Each task we'll tackle and set of lessons has finished and working versions of the code in the "completed" folder; they typically have "_done" appended to the end of the filename. If there isn't enough time to hit each one during our time together, there's enough commenting in place that you should be able to work through them on your own (and feel free to bug Alex).
This is designed for people who have some grounding in data journalism already and experience with spreadsheets and database managers. It's helpful if you understand Excel functions, for example, and some basic SQL. Other important skills include navigation of the computer's command line; we'll bemoving between folders, running scripts and issuing commands to a Python interpreter.
What the next few days have in store
A whirlwind tour of Python's data types, variables, basic functionality and loops. We'll write a bunch of them on our own, discuss them, and then run a script in the iPython interactive interpreter to load a variety of variables and then start messing with them.
We'll also talk about how to format strings — which we'll be doing a ton — and how Python deals with whitespace.

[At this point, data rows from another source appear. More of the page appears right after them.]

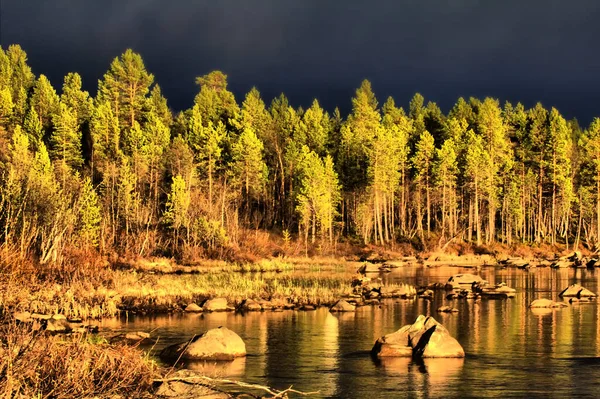 Respira Antes Zambullirte Bosque Luz Puesta Sol Rojo Fondo Tormenta — Foto de Stock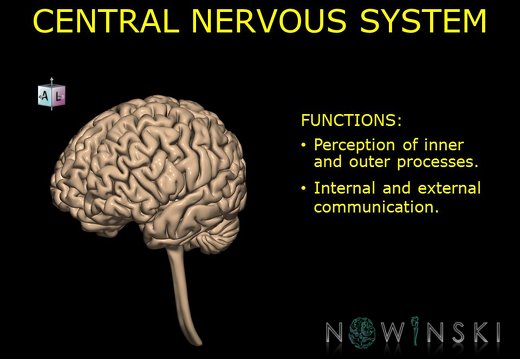 G10.BrainFunction.Central nervous system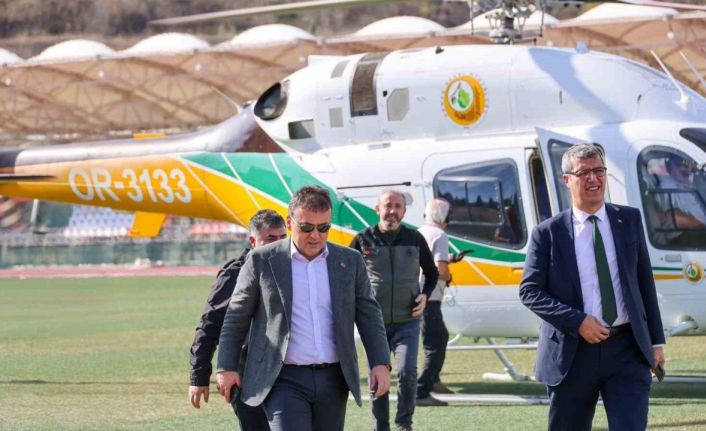 Bilecik’te yanan ormanlar yeniden hayat buluyor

Scraping data from the web
Fetching data from the web was one of programming's original beachheads in the journalism world. We're going to grab a data table from a website and turn it into a delimited text file to use in a spreadsheet or database manager.
This is a task one could arguably accomplish using Excel's "import from web" feature, so we're going to take it one step further: we'll alter our script to drill into additional detail pages and automatically extract more columns of data for our text file.

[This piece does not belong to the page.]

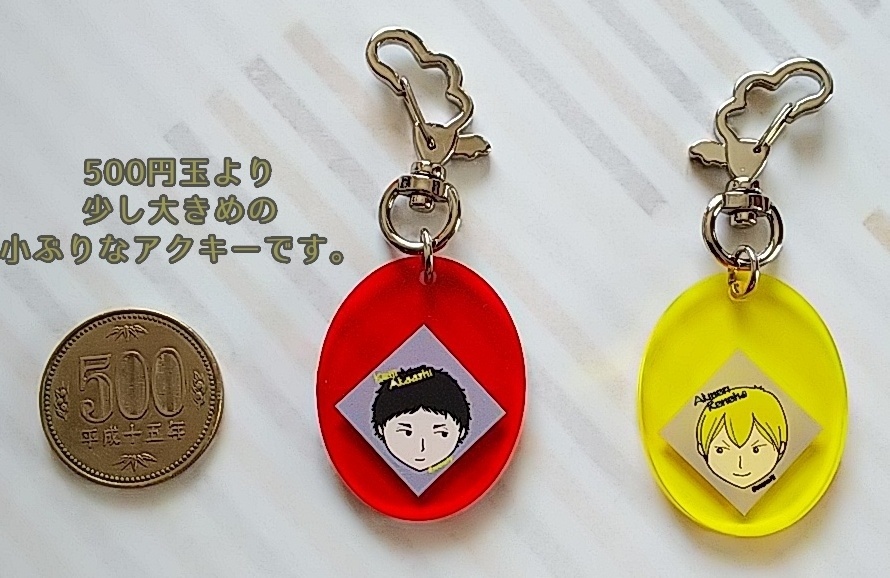 【ハイキューデザイン】 あかあし、このはのプチアクキー　羽根カン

We'll also drill into the finer points of using the BeautifulSoup library to parse HTML, reading and writing CSV files, and targeting data with regular expressions.
Parsing records that fall across multiple lines
Data don't always arrive in a nice, neat table. We have hundreds of addresses to parse into a format that will work in Excel or a database manager, and Python is going to help us make it happen. We'll write a script that dices it all and puts everything in its proper place -- one line for one location.
Making a reusable function
In this quick project, we'll modify the address parsing script we wrote in the previous exercise, turning it into a reusable function that we can apply to future address lists that arrive in the same problematic format.
Geocoding with Python
Geocoding is one of those perennial data journalism problems that's gotten easier in some ways over the years, yet harder in others. While having a street address is great, having a latitude and longitude is better. We'll take the poorly formatted addresses we coaxed into a flat file and march them one at a time through an online geocoding service using a handy Python library called geopy.
Working with APIs and databases
Application Programming Interfaces have become a common spigot for data on the web. We'll tap into one maintained by the city of Chicago that deals with crime and send it to a table in a SQLite database. From there, we'll write some scripted queries to isolate interesting information.
We'll also dig in on how Python interacts with databases and how it deals with dates and times.
Unlocking data stuck in a database
A database is a great reporting tool, having your data and analysis locked up there don't help your audience much. We're going to work with the same crime data we processed earlier and turn it into a web-friendly format (GeoJSON) for automatic display on a very basic Leaflet.js map.
The wonderful world of data cleaning
Once you figure out what the problems are with a data set, you can outsource the tedious cleaning process to Python. We'll focus on a few different types of cleaning you're likely to encounter in your reporting life, including Excel files where data is scattered around different rows and columns, CSV files with obvious errors that
Other kinds of scrapes
We're not always after web tables; sometimes we're trying to collect a bunch of files scattered around a website or need to POST some data in order to get a response from a dynamic page, like a government site that uses ASP.NET.
The deal with text encoding and debugging your scripts
What's ASCII? Why the hell am I getting
UnicodeEncodeError? We'll deal sporadically with text encoding in some of these other lessons, but we'll focus on why it's important and what you can do to stay on top of it. In addition, we'll look through common errors you'll run into, what they mean and how to fix them.